Victorian Naval expenditure in 1865 was £7,743, which rose to £17,135 by 1875. This did not allow for the £73,520 towards the cost of Cerberus and £28,520 for Nelson. The naval strength was then 20 officers, 284 petty officers and seamen, and 40 boy seamen. Naval Reserve strength mustered aboard Nelson for shot and shell practice in 1883 was 216 officers and men.
The next year the first class torpedo boat Childers joined the fleet, armed with four torpedoes for releasing over the side by dropping gear, and two Hotchkiss guns. The same year the steam hoppers Batman and Fawkner of the Melbourne Harbour Trust were added to the fleet as auxiliaries. Batman mounted a 14-ton gun and two Nordenfelts, while Fawkner was fitted with a 4-ton gun and two Gatlings.
The fleet in 1889 consisted of Nelson, Cerberus, Batman, Fawkner, Childers, Nepean, Lonsdale, Victoria, Albert, Gordon, Commissioner, Lion, Gannet and Lady Loch. Nepean and Lonsdale were second class torpedo boats each armed with two Whitehead and two spar torpedoes. The gunboat Albert was of 350 tons displacement with 400 IHP engines driving her at 10 knots. She was built of steel with a turtle deck and a bridge deck amidships enclosing the engines. She was armed with a 12.5 ton 8 inch gun forward and a 4.5 ton breechloader aft. She also mounted two 9 pdrs. and two Nordenfelt machineguns.
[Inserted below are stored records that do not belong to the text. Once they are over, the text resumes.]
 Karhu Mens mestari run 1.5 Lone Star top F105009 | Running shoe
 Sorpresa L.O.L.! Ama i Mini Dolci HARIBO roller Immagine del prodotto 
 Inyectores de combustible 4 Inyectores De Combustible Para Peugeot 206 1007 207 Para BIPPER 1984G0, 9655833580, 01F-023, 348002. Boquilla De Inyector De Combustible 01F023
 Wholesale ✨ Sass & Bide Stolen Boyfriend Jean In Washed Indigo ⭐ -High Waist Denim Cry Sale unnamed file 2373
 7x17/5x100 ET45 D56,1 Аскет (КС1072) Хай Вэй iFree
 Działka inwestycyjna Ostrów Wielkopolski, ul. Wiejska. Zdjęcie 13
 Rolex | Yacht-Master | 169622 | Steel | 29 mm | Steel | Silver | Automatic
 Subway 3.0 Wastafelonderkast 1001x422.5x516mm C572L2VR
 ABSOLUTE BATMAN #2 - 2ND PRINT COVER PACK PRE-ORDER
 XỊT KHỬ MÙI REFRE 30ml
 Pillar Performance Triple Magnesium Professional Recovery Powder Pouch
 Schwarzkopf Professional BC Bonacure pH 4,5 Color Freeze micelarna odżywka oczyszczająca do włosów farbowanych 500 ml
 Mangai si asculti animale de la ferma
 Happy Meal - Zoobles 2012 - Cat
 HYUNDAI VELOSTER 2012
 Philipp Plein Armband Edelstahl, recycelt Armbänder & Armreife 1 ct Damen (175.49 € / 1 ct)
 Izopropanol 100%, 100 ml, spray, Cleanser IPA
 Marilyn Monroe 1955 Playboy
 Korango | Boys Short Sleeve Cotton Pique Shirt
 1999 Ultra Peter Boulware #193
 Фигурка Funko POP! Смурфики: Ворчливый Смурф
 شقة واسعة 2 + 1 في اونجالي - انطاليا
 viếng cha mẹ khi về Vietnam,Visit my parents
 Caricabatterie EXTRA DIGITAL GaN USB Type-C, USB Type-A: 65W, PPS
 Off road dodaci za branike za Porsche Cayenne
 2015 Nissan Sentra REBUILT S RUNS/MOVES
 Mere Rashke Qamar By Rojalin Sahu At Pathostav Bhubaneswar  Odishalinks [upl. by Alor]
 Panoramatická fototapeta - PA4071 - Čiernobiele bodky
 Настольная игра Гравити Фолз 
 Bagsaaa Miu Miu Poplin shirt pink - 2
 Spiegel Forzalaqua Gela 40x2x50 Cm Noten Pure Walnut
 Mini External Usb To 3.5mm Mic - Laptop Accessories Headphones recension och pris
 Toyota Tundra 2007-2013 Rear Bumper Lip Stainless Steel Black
The larger vessel, Victoria, was 530 tons and mounted one 10 inch gun, two 12 pdrs. and two Nordenfelts. Both gunboats were meant for harbour defence and behaved very badly in rough weather, or indeed, with any sea running at all. Victoria was sold to the West Australian Government in 1896.
The Customs steam launch Lion and the Harbour Trust launch Commissioner, when operating with the Victoria Navy, each carried two Whitehead torpedoes. The Harbour Trust tug Gannet mounted a 14 ton gun and two Gatlings. Lady Loch was built for the Department of Trade and Customs, and as a Victorian Navy vessel mounted a 4 ton gun and two Nordenfelts.
Gordon was a turnabout torpedo launch armed with two Whitehead torpedoes and a Nordenfelt. There was also Pharos, a composite auxiliary screw steamer built at Williamstown in 1865. She was brigantine rigged and built for survey purposes but was found to be totally unsuitable, and the old Colonial Victoria was recommissioned from reserve. Pharos was chiefly used for laying buoys and carrying stores to lighthouses and telegraph stations. She was sold out of Government service and was used as a tug and excursion steamer before finishing her life as a hulk. The Government tugs Bendigo and George Rennie, both sidewheel paddle steamers, also operated with the Victorian Navy for varying periods.